Iv been asked to try and remove some holograms and swirls from a mates 2003 range rover vogue. I will be using a DA and have meguiars 205 and 105 and blue and yellow 3M pads, will this be suitable?

Also any tips people have or experiance with range rover paint?

Thanks


----------



## stangalang (Nov 27, 2009)

Not a huge fan of 3m on a da. They are too soft IMO and distort too much making for awkward machining. Hex logic and lake country constant pressure for the win :thumb:
The polishes are spot on though.
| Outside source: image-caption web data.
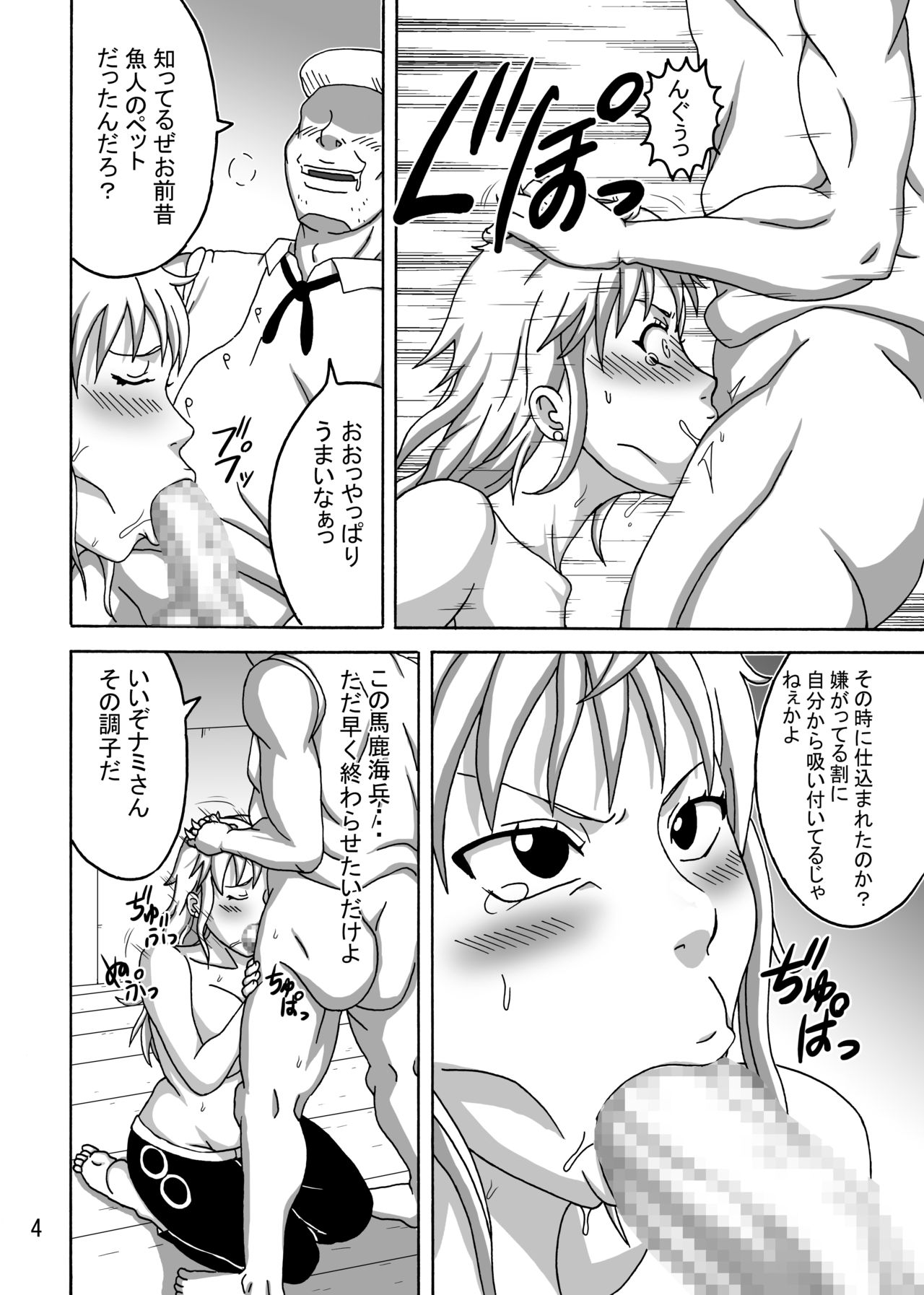[Naruho-dou (Naruhodo)] Nami SAGA (One Piece) [Digital] page 5 full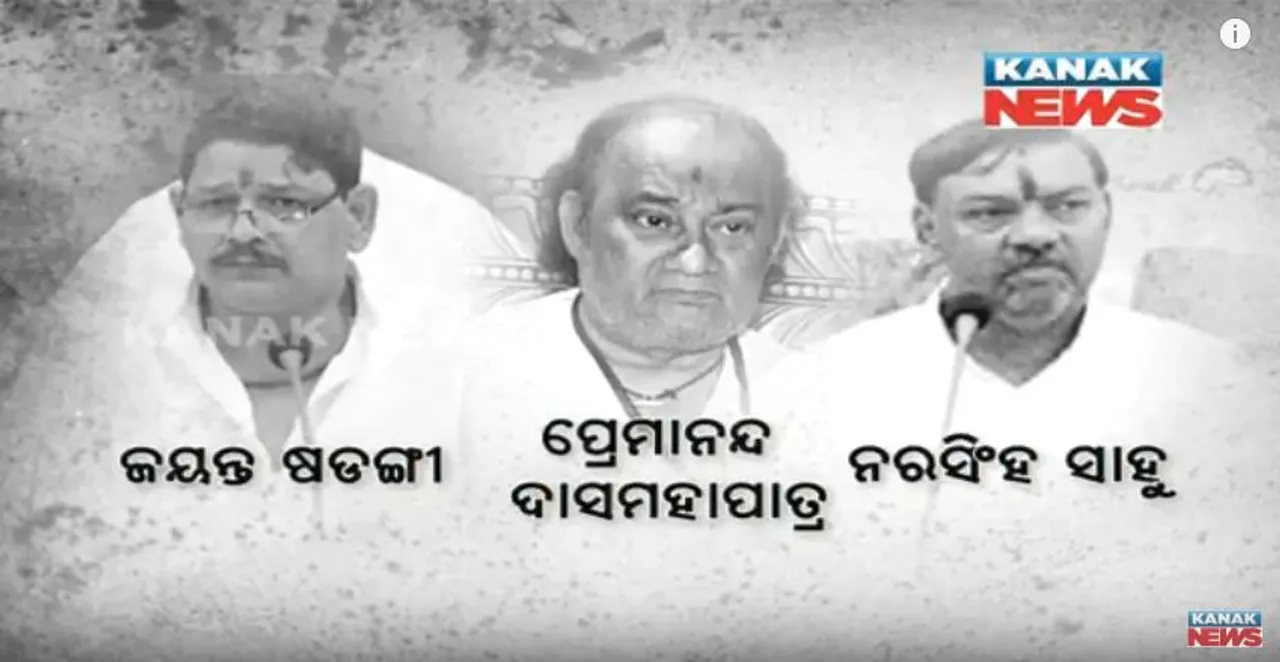  ପ୍ରାଇମ୍ ଟାଇମ୍ ନ୍ୟୁଜ୍ : ୨୨ – ୦୩ -୧୭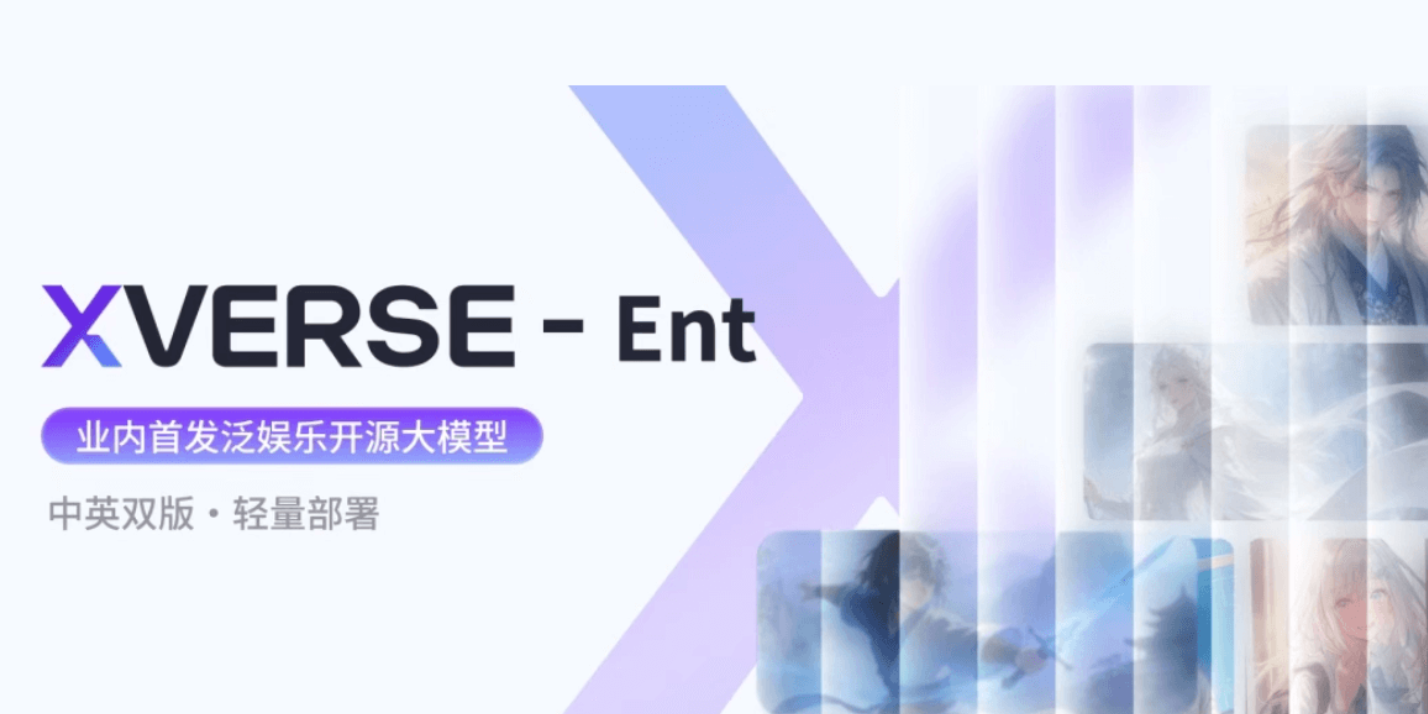 XVERSE-Ent ： 元象开源的泛娱乐中英双语底座大模型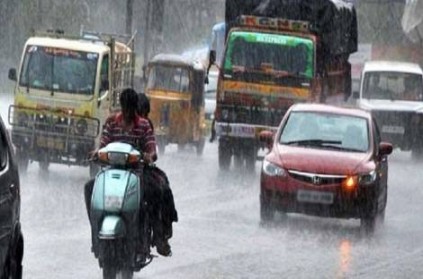 Heavy Rain Alert In 12 Districts Chennai IMD Tamilnadu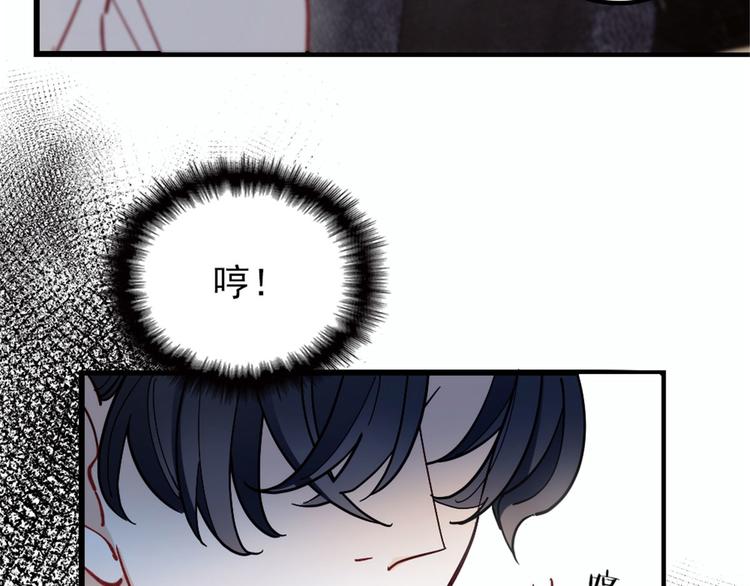 第七话 冤家路窄127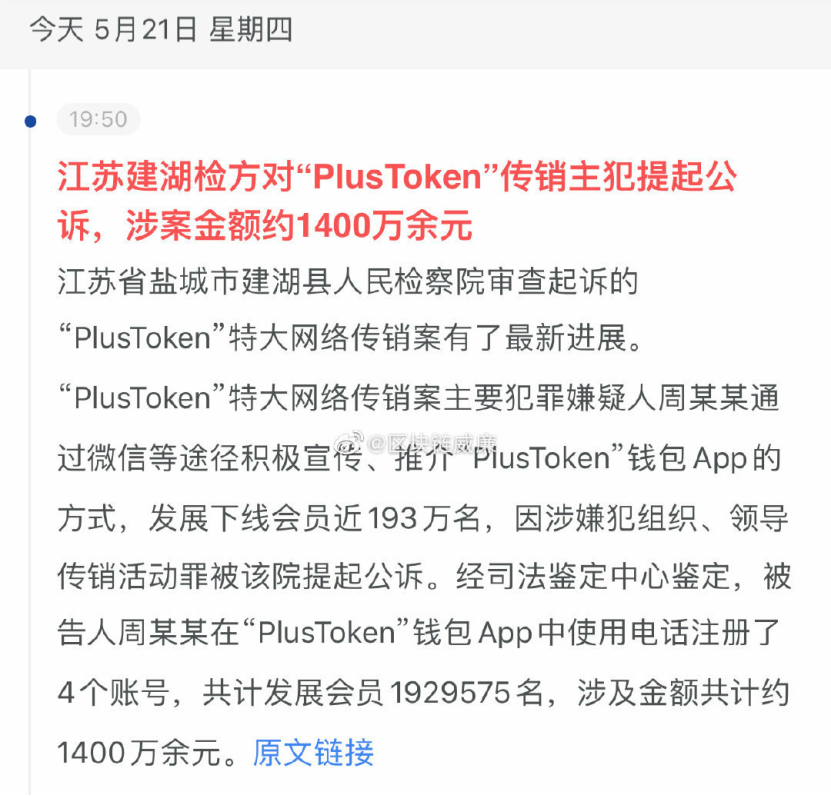 Seele一天暴跌96.66%,PlusToken转移价值13亿的 79万个以太坊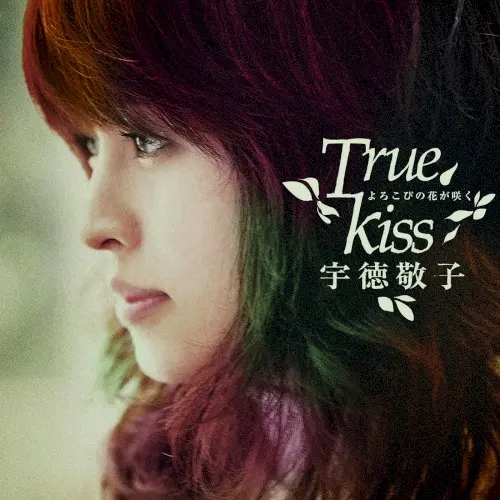 よろこびの花が咲く~True Kiss~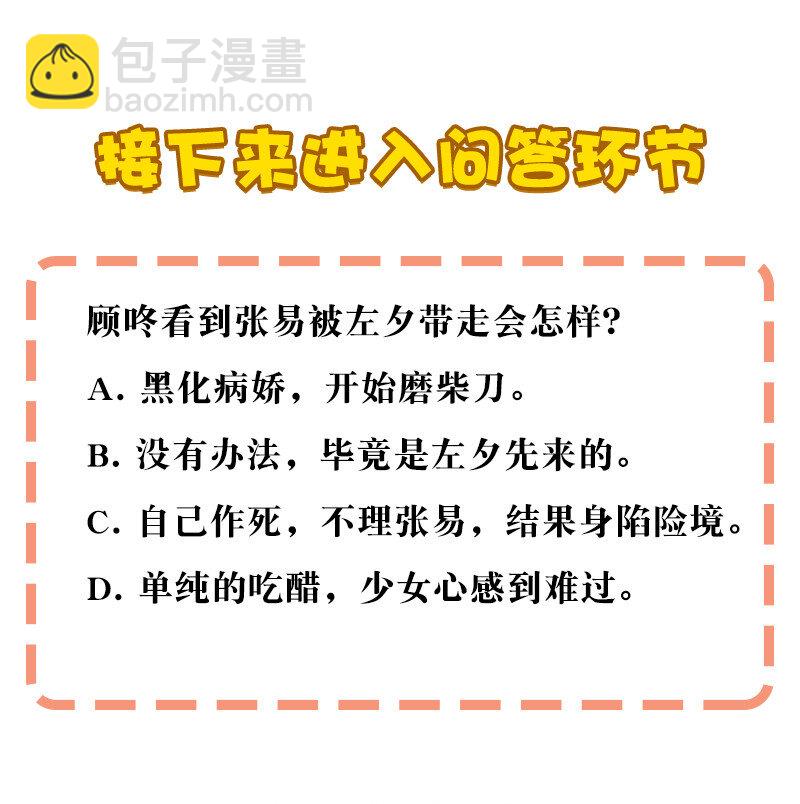 20 这个人我就借走了-第25话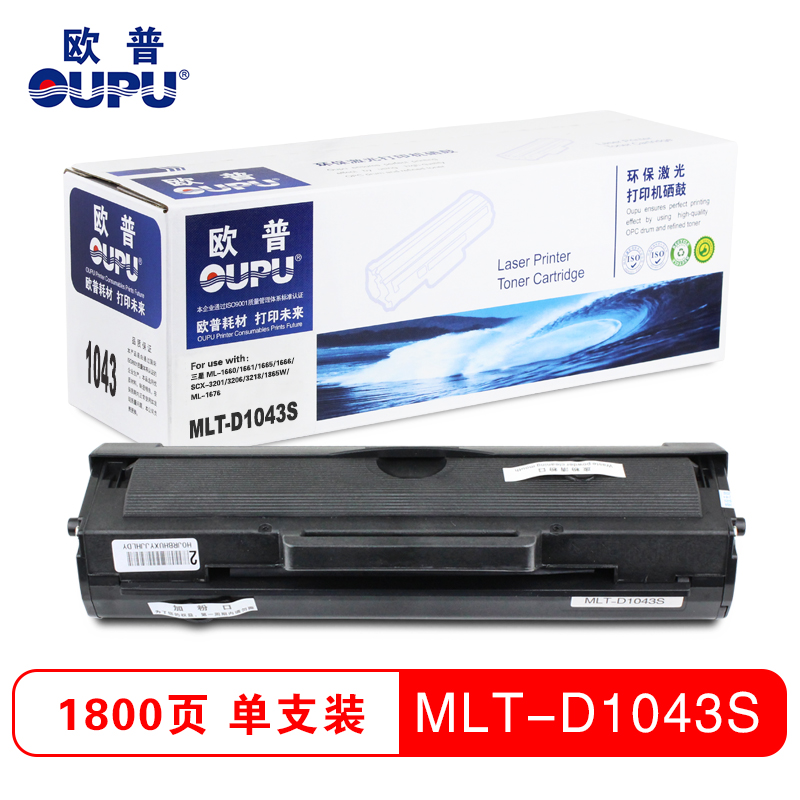 欧普（oupu）MLT-D1043S易加粉 黑色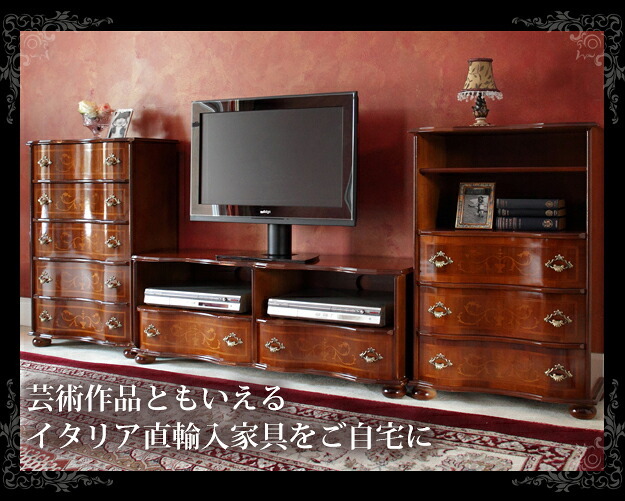 イタリア 家具 ヨーロピアン ヴェローナクラシック 丸脚テレビボード W110cm 丸脚 リビング ヨーロッパ家具 クラシック 輸入家具 アンティーク風 イタリア製 ブラウン おしゃれ 高級感 エレガント 木製 天然木 リモート テレワーク 在宅 新生活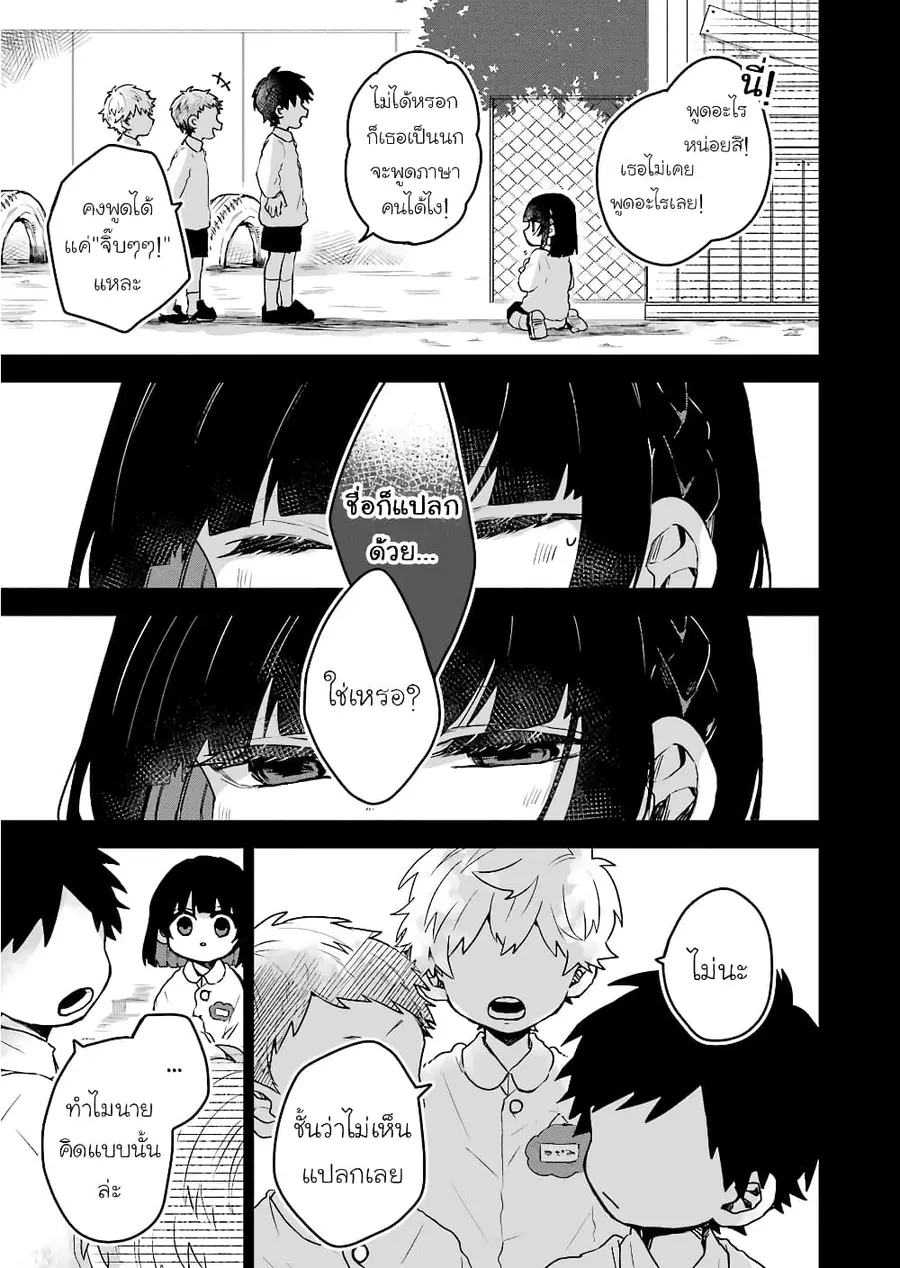 25-ji no Ghost Writer ตอนที่ 11 หน้า 3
Most of the range rovers I have done have been a joy to machine, the large flat panels make a refreshing change, and the paint seems to be soft to medium and not sticky


----------



## rob_vrs (Jan 4, 2012)

stangalang said:


> Not a huge fan of 3m on a da. They are too soft IMO and distort too much making for awkward machining. Hex logic and lake country constant pressure for the win :thumb:
> The polishes are spot on though. Most of the range rovers I have done have been a joy to machine, the large flat panels make a refreshing change, and the paint seems to be soft to medium and not sticky


Thank you for the reply, ill take on your advice.


----------



## rob_vrs (Jan 4, 2012)

What colour hex logic pads would you recommend? Looking at them it seems green or orange may do the job as the swirls are not too bad


----------



## steve from wath (Dec 12, 2008)

Rob
are you prepared for a long day,,rr = a long day

best bit is to relax and take your time you can acheive great results with a da,chem guys hex logic pads are good

i use my rotary 99% of time and da for glazing etc,heres a link to swirls and holograms on a black bmw ive just done

http://www.detailingworld.co.uk/forum/showthread.php?t=274206

if im free etc when you start it i dont mind nipping over,for a natter etc


----------



## rob_vrs (Jan 4, 2012)

steve from wath said:


> Rob
> are you prepared for a long day,,rr = a long day
> 
> best bit is to relax and take your time you can acheive great results with a da,chem guys hex logic pads are good
> ...


Im preparing myself for a jolly long day. Im building myself up to buy a rotary as don't have one yet.

I may purchase some hex logic pads, theres a variety of them so will have a good read up about them.

Thanks for the link ill have a good look.


----------



## nichol4s (Jun 16, 2012)

rob_vrs said:


> Im preparing myself for a jolly long day. Im building myself up to buy a rotary as don't have one yet.
> 
> I may purchase some hex logic pads, theres a variety of them so will have a good read up about them.
> 
> Thanks for the link ill have a good look.


What did you buy? Let me know how you get on? :thumb: I'm after some hex pads but don't know which to buy for 105, 205 glazes and sealants do I but them all :wall:


----------